The series’ interview subjects have a knack for sounding obvious even when they’re just as obviously wrong. Kurt Loder says of Vanilla Ice, “At the time, it seemed strange that a white guy was pretending to be a rapper.” (Surely no stranger than the thought that, as late as 1991, an MTV News anchor had apparently never heard of the Beastie Boys.) In another segment, narrator Rob Lowe explains that author Douglas Coupland made the ’90s possible when he coined the phrase “Generation X.” Coupland called his debut novel Generation X: Tales For An Accelerated Culture nearly 20 years after Billy Idol fronted the band Generation X, a name lifted from the title of a book about British youth culture that was published in 1965—more than a decade after the photographer Robert Capa first used the term to describe the post-World War II generation.
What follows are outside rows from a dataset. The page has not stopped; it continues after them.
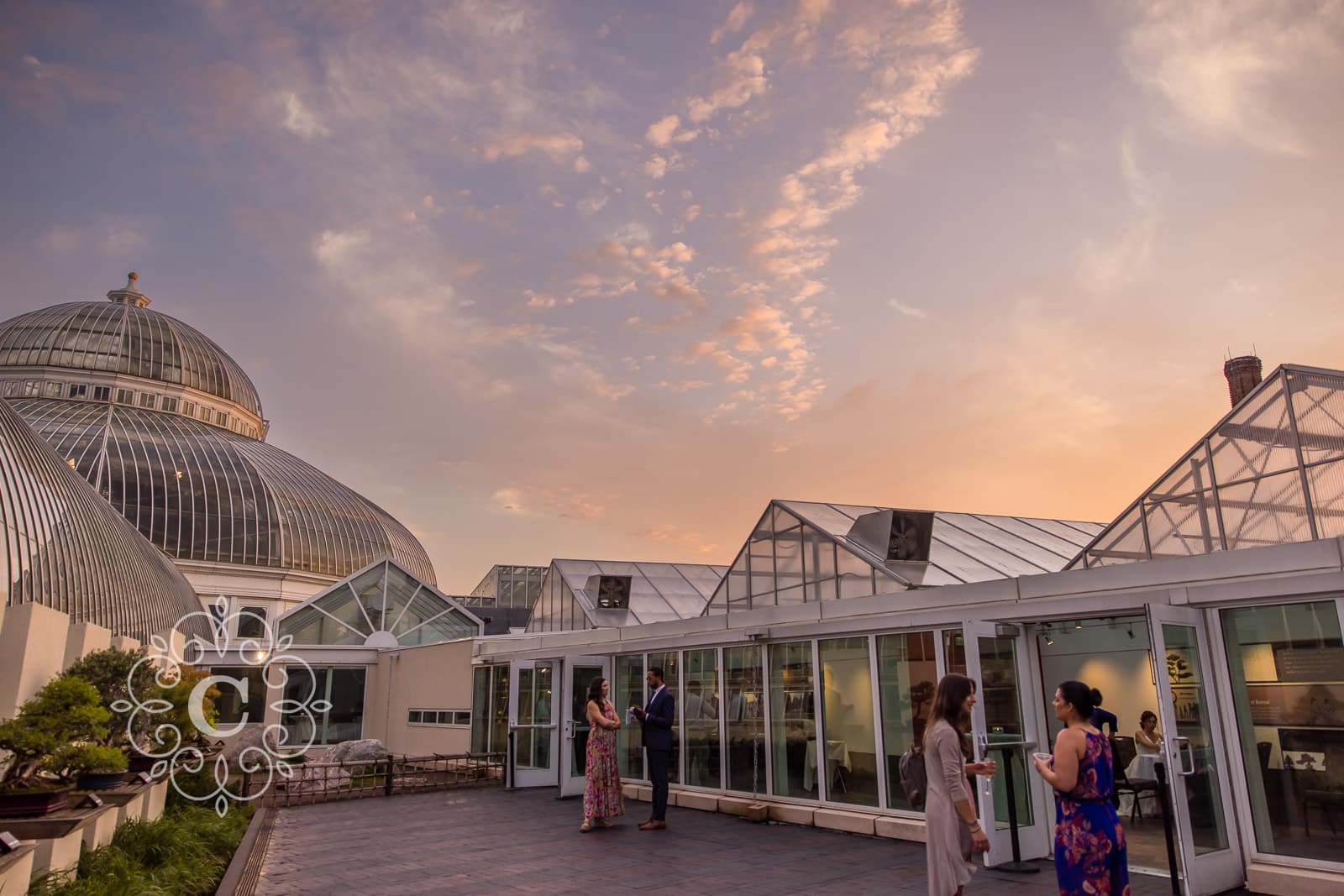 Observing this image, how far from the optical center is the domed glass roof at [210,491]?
142 ft

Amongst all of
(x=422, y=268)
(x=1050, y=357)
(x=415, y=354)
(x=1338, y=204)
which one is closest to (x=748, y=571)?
(x=1050, y=357)

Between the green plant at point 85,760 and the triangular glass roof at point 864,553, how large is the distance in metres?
10.2

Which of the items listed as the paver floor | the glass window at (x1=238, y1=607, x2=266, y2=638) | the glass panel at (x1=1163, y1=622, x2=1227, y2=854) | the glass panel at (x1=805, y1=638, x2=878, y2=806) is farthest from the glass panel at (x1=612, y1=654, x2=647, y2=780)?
the glass window at (x1=238, y1=607, x2=266, y2=638)

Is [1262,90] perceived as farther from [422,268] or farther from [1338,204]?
[422,268]

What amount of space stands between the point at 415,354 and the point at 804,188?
14007 millimetres

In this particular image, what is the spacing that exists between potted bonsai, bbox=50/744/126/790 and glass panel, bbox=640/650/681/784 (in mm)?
8200

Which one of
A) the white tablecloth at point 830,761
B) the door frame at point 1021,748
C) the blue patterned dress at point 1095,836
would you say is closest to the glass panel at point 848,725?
the white tablecloth at point 830,761

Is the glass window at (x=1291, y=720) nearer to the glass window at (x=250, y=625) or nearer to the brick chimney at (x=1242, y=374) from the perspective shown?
the brick chimney at (x=1242, y=374)

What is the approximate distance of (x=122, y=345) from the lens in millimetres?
57438

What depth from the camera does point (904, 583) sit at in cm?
1277

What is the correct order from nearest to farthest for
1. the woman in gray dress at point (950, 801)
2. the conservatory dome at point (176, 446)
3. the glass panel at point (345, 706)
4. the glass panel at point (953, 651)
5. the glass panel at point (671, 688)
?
the woman in gray dress at point (950, 801) → the glass panel at point (953, 651) → the glass panel at point (671, 688) → the glass panel at point (345, 706) → the conservatory dome at point (176, 446)

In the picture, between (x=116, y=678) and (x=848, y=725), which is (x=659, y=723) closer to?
(x=848, y=725)

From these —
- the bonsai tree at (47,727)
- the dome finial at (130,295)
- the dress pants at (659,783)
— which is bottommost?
the dress pants at (659,783)

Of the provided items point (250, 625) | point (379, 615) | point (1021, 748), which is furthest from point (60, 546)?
point (250, 625) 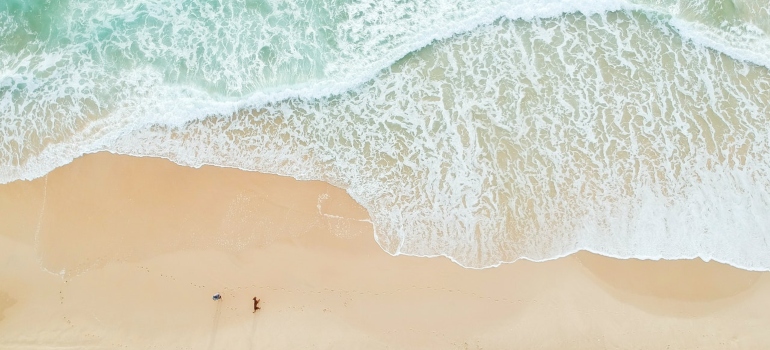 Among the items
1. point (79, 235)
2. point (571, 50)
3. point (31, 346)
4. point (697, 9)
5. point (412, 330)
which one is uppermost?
point (697, 9)

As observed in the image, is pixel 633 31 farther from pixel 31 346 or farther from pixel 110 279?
pixel 31 346

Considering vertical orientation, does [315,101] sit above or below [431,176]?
above

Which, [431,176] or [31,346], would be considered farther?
[431,176]

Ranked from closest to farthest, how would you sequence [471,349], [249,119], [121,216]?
[471,349], [121,216], [249,119]

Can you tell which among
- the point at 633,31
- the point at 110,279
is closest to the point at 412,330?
the point at 110,279

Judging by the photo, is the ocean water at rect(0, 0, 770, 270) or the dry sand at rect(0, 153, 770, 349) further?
the ocean water at rect(0, 0, 770, 270)

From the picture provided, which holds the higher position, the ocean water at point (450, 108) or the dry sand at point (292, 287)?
the ocean water at point (450, 108) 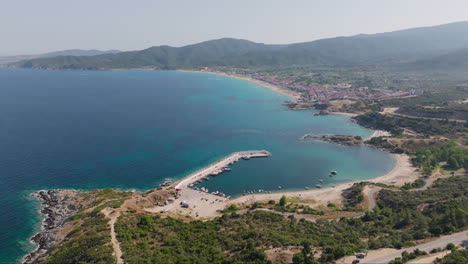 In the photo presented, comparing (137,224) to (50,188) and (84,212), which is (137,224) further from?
(50,188)

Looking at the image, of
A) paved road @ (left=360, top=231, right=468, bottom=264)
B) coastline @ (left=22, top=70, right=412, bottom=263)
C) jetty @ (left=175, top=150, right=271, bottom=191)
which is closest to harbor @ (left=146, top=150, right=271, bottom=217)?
jetty @ (left=175, top=150, right=271, bottom=191)

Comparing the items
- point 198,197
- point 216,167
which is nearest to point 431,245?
point 198,197

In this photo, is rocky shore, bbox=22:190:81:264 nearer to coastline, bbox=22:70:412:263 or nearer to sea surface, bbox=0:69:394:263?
coastline, bbox=22:70:412:263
Over the course of six hours, it’s best to pick your battles; at another point, Lowe insists that Anna Nicole Smith “redefine[d] the decade, and the female form.”

The 90s has a central conceit: The decade was “an ongoing reality-TV series called the ’90s.” The idea is that, between the CNN coverage of the first Gulf War, the L.A. riots, the confirmation hearings of Clarence Thomas, Bill Clinton playing the saxophone on The Arsenio Hall Show, the O. J. Simpson trial, the Clinton-Lewinsky sex scandal, the tabloid-TV glut, and The Blair Witch Project, the line between reality and entertainment became hopelessly, permanently smudged. It’s a point that could be made about any decade dating back to the birth of television, but it gives the show an excuse to cut from Ellen DeGeneres’ onscreen coming out to the murder of Matthew Shepard—or from the first season of The Real World to the relatives of murder victims screaming at Jeffrey Dahmer.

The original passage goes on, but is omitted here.